#### Listed entries ####
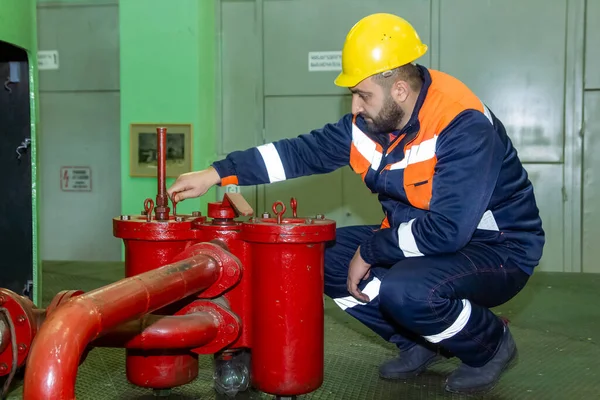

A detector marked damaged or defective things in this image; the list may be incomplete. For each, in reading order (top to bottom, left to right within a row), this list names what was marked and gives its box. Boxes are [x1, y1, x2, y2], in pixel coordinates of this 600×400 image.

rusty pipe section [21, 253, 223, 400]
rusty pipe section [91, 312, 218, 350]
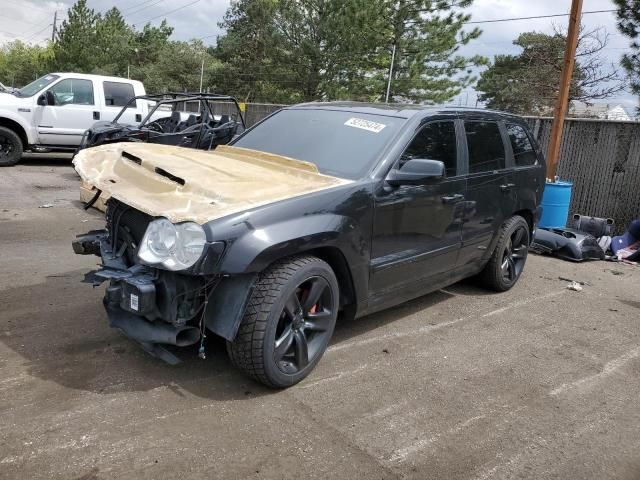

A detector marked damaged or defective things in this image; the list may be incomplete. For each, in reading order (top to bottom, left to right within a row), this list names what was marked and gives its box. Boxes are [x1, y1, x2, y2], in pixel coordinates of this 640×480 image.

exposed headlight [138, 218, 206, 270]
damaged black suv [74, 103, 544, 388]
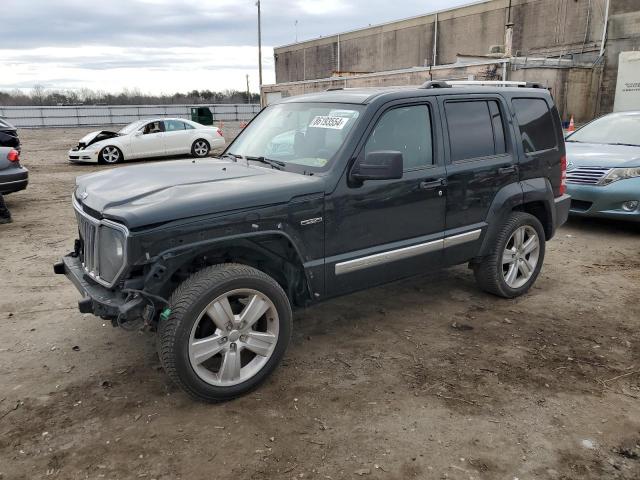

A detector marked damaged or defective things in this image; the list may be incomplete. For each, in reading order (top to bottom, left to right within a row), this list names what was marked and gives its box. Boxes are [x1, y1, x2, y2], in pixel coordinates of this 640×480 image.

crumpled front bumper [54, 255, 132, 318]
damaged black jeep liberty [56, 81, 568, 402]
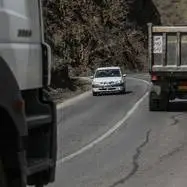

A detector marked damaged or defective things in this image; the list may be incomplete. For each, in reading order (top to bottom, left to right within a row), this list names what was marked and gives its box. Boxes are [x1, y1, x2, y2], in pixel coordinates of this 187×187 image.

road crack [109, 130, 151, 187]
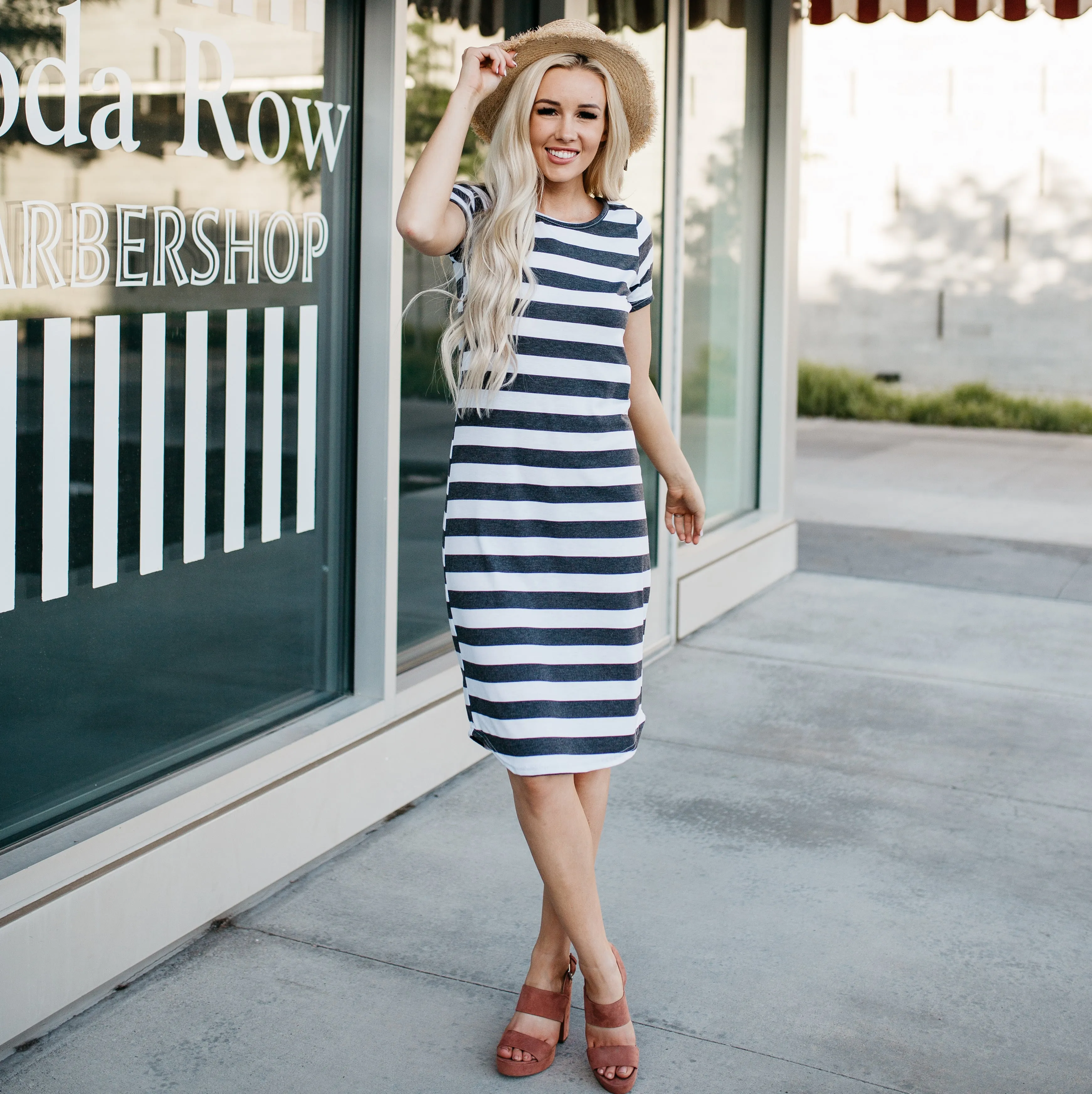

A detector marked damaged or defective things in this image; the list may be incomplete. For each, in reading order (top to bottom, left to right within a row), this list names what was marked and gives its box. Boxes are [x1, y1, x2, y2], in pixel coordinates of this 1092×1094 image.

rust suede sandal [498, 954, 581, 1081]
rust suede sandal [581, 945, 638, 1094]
####
▶ _Task description_
Transcribe exactly the span of lines that opens with the line holding "this 187×187 image." and closes with the last line of the entries above. Omit pictures.

▶ _Solution to this task_
A detector marked damaged or defective things in this image; the list may be incomplete. For each, in reading order (top to bottom, left to right within a row), this list names what was marked and gives its box. Boxes are [x1, y1, x2, y2], in pixel coordinates of this 187×187 image.

road crack [109, 130, 151, 187]

A detector marked damaged or defective things in this image; the list may be incomplete. For each, in reading order (top to bottom, left to right within a row), this list names what was marked and gives its box. Boxes are [x1, y1, x2, y2], in pixel coordinates of this 1092×1094 image.

rust suede sandal [498, 954, 581, 1081]
rust suede sandal [581, 945, 638, 1094]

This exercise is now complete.